=== EXERCISE REQUIREMENTS ===
Wherever the line that contains "قالب سیلیکونی شکلات و شیرینی طرح پرشین کد 89" falls, repeat it and the lines after it exactly until the records end, without any pictures.
** EXTRACTED DATA follows **
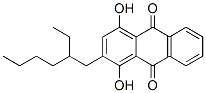 CAS#: 41450-96-8, 2-(2-Ethylhexyl)-1,4-Dihydroxyanthraquinone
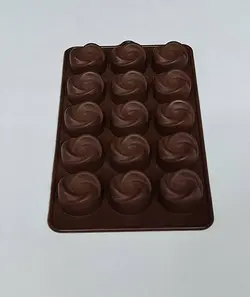 قالب سیلیکونی شکلات و شیرینی طرح پرشین کد 89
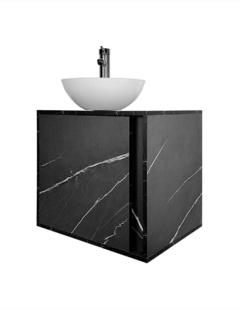Gabinete Para Baño AARON Minimalista Sin Ovalin Ni Llave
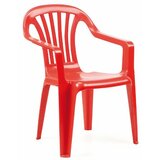Ipae-progarden stolica dečija plastična baby altea crvena Cene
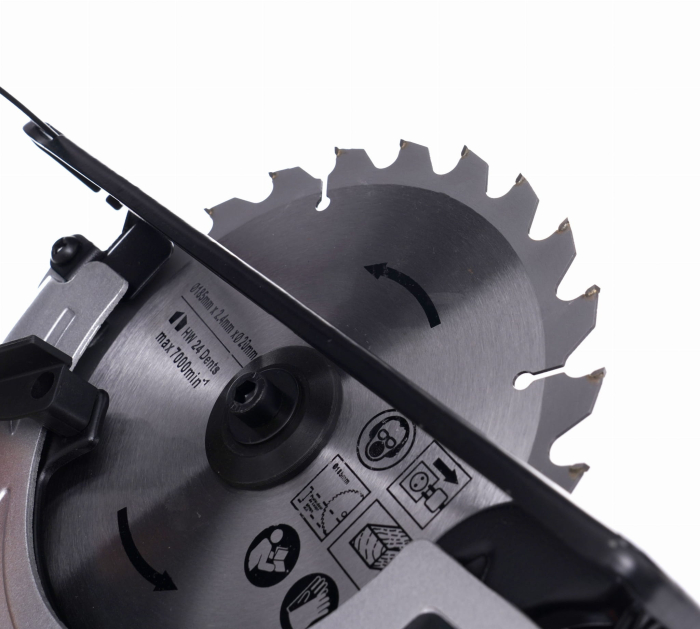 Fierastrau electric circular 2400W 5500 rpm 66 mm (KD1715) [8]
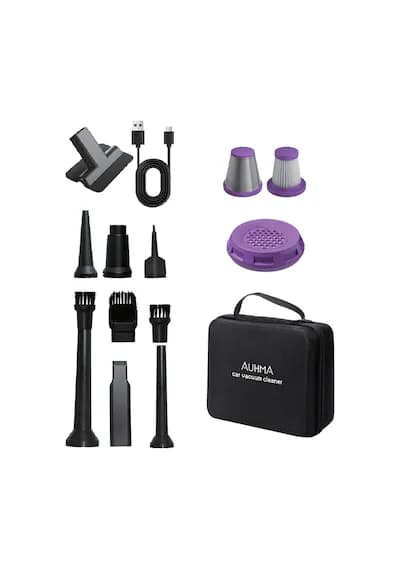 Auhma Ahv-24 Lımıted Edıtıon 20.000pa Brushless Kablosuz Araç İçi Basınçlı Üfleme & Çekme Süpürgesi - Görsel 5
** End of EXTRACTED DATA **
=== EXPECTED ANSWER ===
 قالب سیلیکونی شکلات و شیرینی طرح پرشین کد 89
Gabinete Para Baño AARON Minimalista Sin Ovalin Ni Llave
Ipae-progarden stolica dečija plastična baby altea crvena Cene
 Fierastrau electric circular 2400W 5500 rpm 66 mm (KD1715) [8]
 Auhma Ahv-24 Lımıted Edıtıon 20.000pa Brushless Kablosuz Araç İçi Basınçlı Üfleme & Çekme Süpürgesi - Görsel 5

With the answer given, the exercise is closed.